Familienförderung im kirchlichen Arbeitsrecht

Eine Arbeitshilfe erarbeitet im Auftrag des Rates der EKD, EKD-Texte 92, 2007

3. Gesetzliche Rahmenbedingungen und kollektiv-rechtliche Gestaltungsmöglichkeiten

Die rechtlichen Regelungen für das Zusammenspiel von Familie und Beruf sind auf unterschiedlichen Ebenen geregelt:

  1. durch die arbeitsrechtlichen Vorschriften des Staates, durch kirchliche Arbeitsrechtsregelungen der Arbeitsrechtlichen Kommissionen bzw. Tarifverträge der kirchlichen Tarifvertragsparteien und
  2. in Dienstvereinbarungen, die für die Dienststellen und Einrichtungen von den Dienststellenleitungen und ihren Mitarbeitervertretungen abgeschlossen werden.

Nachdem lange Jahre vor allem in den alten Bundesländern das Modell eines Nacheinanders von Beruf und Familie bestimmend war, bei dem Mitarbeiterinnen (und Mitarbeiter) mit familiären Aufgaben (zeitweise) aus dem Beruf aussteigen, sind durch das Teilzeit- und Befristungsgesetz und das Bundeselterngeld- und Elternzeitgesetz neue rechtliche Möglichkeiten geschaffen worden.

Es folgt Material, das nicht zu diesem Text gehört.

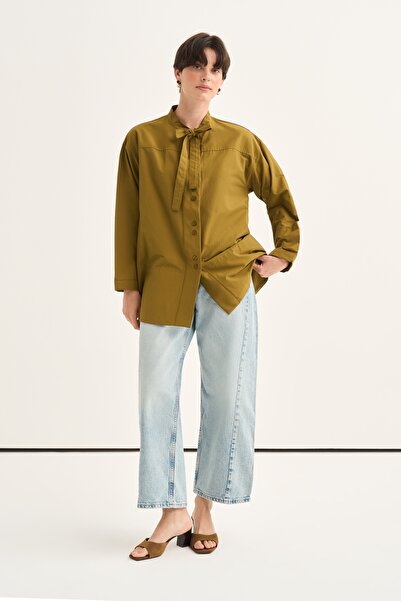 EBU Prive Women's Poplin Tie-Down Collar Shirt Oil Green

Diese Gesetze zielen auf eine Erweiterung der Wahlfreiheit, indem die Verbindung von beruflichem und familiärem Engagement vor allem durch ein Recht auf Teilzeitarbeit in unterschiedlichen Konstellationen erleichtert werden soll.

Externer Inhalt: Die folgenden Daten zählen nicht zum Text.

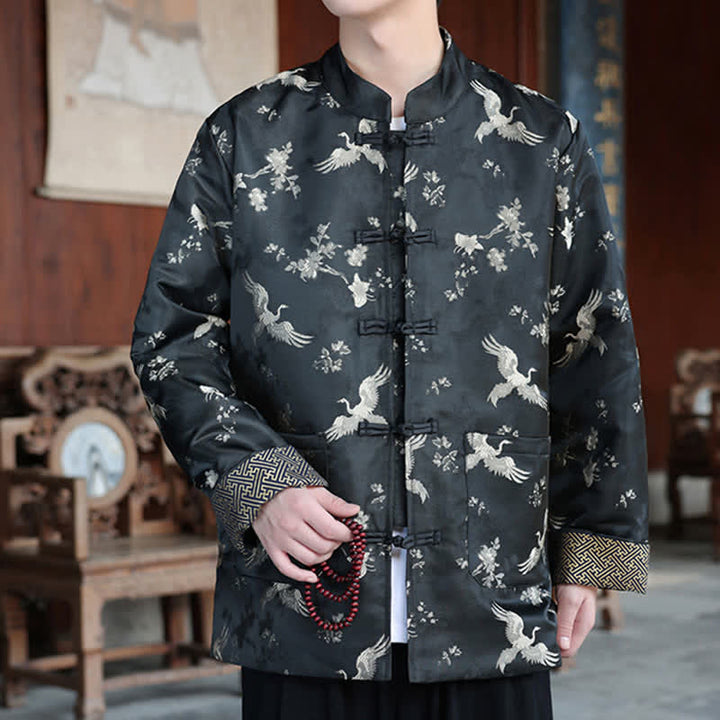 Buddha Stones Chaquetas de hombre estilo Tang vintage con cuello mandarín y estampado de grullas, ideales para otoño e invierno. - image 1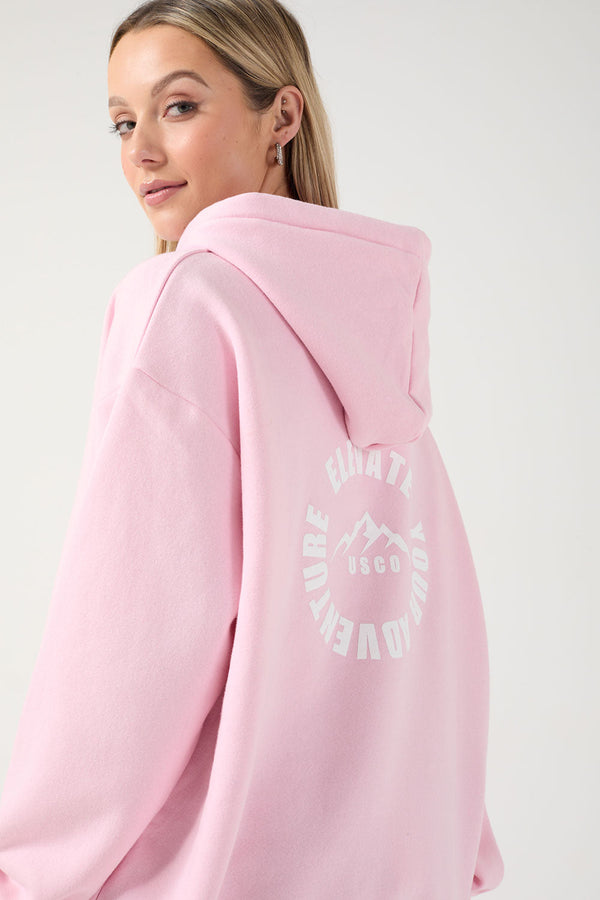 The Turas Hoodie in Baby Pink 1992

Neben den gesetzlichen Bestimmungen können kirchliche Arbeitsrechtsregelungen dazu beitragen, die Vereinbarkeit von Familien- und Berufsleben zu fördern. So sind etwa die Dauer, die Gestaltung der Arbeitszeit sowie die Flexibilisierungsinstrumente schon seit langem Gegenstand von Arbeitsrechtsregelungen. Häufig wurde diese Frage allerdings auch in Kirche und Diakonie bisher vor allem unter den Aspekten der Arbeitsziele und der Beschäftigungssicherung, aber kaum unter dem der Familienfreundlichkeit diskutiert. Die Vereinbarkeit von Familien- und Erwerbstätigkeiten versuchte man bisher hauptsächlich durch langfristige Beurlaubungsmöglichkeiten zu befördern, die sich in einigen Arbeitsrechtsregelungen auf bis zu 18 Jahre Beurlaubung je Kind beliefen bzw. belaufen. Hier hat sich in der gesamten Erwerbswirtschaft inzwischen die Erkenntnis durchgesetzt, dass langfristige Beurlaubungen Nachteile für die Mitarbeiterinnen und Mitarbeiter und auch für die Arbeitgeber haben.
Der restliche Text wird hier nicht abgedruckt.